## PROBLEM TO SOLVE
Below are some records. Return exactly the lines from the one containing "In this video I'm" through the one containing "In this video, I want", both included, and only those.

--- DATA FOR ANALYSIS Enclosed Below ---

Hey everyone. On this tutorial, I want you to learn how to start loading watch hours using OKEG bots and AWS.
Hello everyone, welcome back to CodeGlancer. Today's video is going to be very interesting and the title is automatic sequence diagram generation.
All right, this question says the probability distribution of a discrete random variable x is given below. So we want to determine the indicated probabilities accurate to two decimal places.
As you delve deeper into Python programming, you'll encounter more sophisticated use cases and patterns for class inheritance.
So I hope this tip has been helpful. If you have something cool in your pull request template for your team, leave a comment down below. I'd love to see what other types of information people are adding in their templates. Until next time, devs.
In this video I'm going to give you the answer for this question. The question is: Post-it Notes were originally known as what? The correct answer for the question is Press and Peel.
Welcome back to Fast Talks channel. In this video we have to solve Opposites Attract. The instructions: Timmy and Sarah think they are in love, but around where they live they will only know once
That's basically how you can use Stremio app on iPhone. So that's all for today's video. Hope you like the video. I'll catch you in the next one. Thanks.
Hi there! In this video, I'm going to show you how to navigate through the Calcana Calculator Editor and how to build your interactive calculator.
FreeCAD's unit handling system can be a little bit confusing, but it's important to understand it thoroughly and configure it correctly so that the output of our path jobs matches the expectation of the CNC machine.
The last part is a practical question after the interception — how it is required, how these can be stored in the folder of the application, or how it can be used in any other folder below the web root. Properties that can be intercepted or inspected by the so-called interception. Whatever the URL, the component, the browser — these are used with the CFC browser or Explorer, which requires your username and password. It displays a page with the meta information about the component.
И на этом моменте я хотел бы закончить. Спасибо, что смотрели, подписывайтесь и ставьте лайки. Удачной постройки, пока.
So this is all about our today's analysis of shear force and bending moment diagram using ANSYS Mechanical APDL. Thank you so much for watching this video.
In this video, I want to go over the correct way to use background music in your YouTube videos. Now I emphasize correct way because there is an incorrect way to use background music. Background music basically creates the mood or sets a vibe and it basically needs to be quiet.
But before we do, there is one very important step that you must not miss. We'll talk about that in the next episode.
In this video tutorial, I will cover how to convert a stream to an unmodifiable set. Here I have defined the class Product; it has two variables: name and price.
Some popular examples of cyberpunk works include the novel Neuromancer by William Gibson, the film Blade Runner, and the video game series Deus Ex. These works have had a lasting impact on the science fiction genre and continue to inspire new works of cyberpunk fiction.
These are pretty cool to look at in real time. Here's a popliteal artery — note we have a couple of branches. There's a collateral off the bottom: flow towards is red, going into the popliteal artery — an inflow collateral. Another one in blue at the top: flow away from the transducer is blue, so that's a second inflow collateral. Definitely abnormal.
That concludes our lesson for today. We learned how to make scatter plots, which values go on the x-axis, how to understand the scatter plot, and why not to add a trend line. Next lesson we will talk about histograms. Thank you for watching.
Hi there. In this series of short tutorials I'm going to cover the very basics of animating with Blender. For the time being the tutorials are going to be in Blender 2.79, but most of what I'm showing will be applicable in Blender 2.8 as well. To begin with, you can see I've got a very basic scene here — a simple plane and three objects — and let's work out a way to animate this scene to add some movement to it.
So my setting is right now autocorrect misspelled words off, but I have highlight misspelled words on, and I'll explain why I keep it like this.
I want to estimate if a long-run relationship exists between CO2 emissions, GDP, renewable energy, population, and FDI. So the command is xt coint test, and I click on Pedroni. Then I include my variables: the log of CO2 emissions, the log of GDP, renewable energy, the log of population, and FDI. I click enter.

--- End of Enclosed DATA FOR ANALYSIS ---

## REPLY
In this video I'm going to give you the answer for this question. The question is: Post-it Notes were originally known as what? The correct answer for the question is Press and Peel.
Welcome back to Fast Talks channel. In this video we have to solve Opposites Attract. The instructions: Timmy and Sarah think they are in love, but around where they live they will only know once
That's basically how you can use Stremio app on iPhone. So that's all for today's video. Hope you like the video. I'll catch you in the next one. Thanks.
Hi there! In this video, I'm going to show you how to navigate through the Calcana Calculator Editor and how to build your interactive calculator.
FreeCAD's unit handling system can be a little bit confusing, but it's important to understand it thoroughly and configure it correctly so that the output of our path jobs matches the expectation of the CNC machine.
The last part is a practical question after the interception — how it is required, how these can be stored in the folder of the application, or how it can be used in any other folder below the web root. Properties that can be intercepted or inspected by the so-called interception. Whatever the URL, the component, the browser — these are used with the CFC browser or Explorer, which requires your username and password. It displays a page with the meta information about the component.
И на этом моменте я хотел бы закончить. Спасибо, что смотрели, подписывайтесь и ставьте лайки. Удачной постройки, пока.
So this is all about our today's analysis of shear force and bending moment diagram using ANSYS Mechanical APDL. Thank you so much for watching this video.
In this video, I want to go over the correct way to use background music in your YouTube videos. Now I emphasize correct way because there is an incorrect way to use background music. Background music basically creates the mood or sets a vibe and it basically needs to be quiet.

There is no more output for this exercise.